I have the following model;
X_i = (c_1i X_1, …, c_di X_d) for i=1,…,d;
This leads to a matrix C of d*d parameters. For reasons that are tedious to explain, I, therefore, have a d x d matrix of estimated parameters with
X^est_i = (c^est_1i X_1, …, c^est_di X_d)
and choose my loss to be
max_{i=1,…,d}(X^est_i / X_i)
Observe that all values in C as well as X are non-negative; This problem should be very easy to solve as it is convex (reducing a value c_ji never increases the loss)
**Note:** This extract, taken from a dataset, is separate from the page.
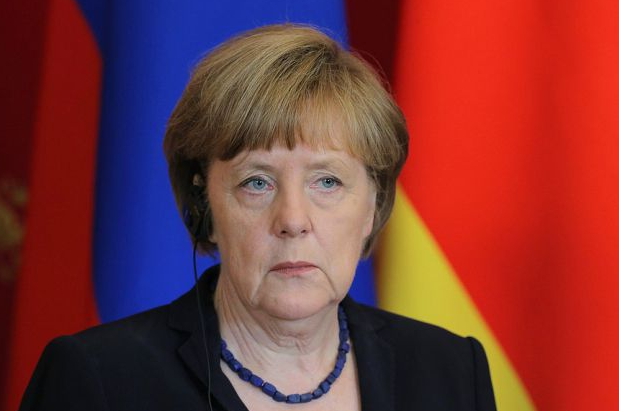 Меркель признала угрозу, но миграционную политику менять не будет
Now I want to implement that the sum of all entries of C to be equal (or larger) to a certain threshold, let us call is eps;
What is the best way to do it? I found three solutions that all seem to fail; Either the estimator gets stuck or goes to infinity; The 3 approaches I thought of:
-
only define d^2-1 values and then just assign the last value as torch.abs(eps-sum(C)) - then the sum of all values is always equal to eps;
-
Define d^2 values and scale up the values in each iteration by multiplying each weight by eps/sum(C)
-
give a penalty lambda*torch.abs(eps-sum(C)) - for lambda large enough, this will enforce the sum of the values to be eps;
So I tried all of these approaches but all of them seem to fail; Either they get stuck or they converge to infitinity;
Below I implemented the first approach
import torch
import torch.nn as nn
import numpy as np
import scipy.stats as st
import torch.optim as optim
import numpy as np
import copy
class Network(nn.Module):
def __init__(self, dim):
super(Network, self).__init__()
d=dim
self.linears = nn.ModuleList([nn.Linear(1, d, bias=False) for i in range(d-1)])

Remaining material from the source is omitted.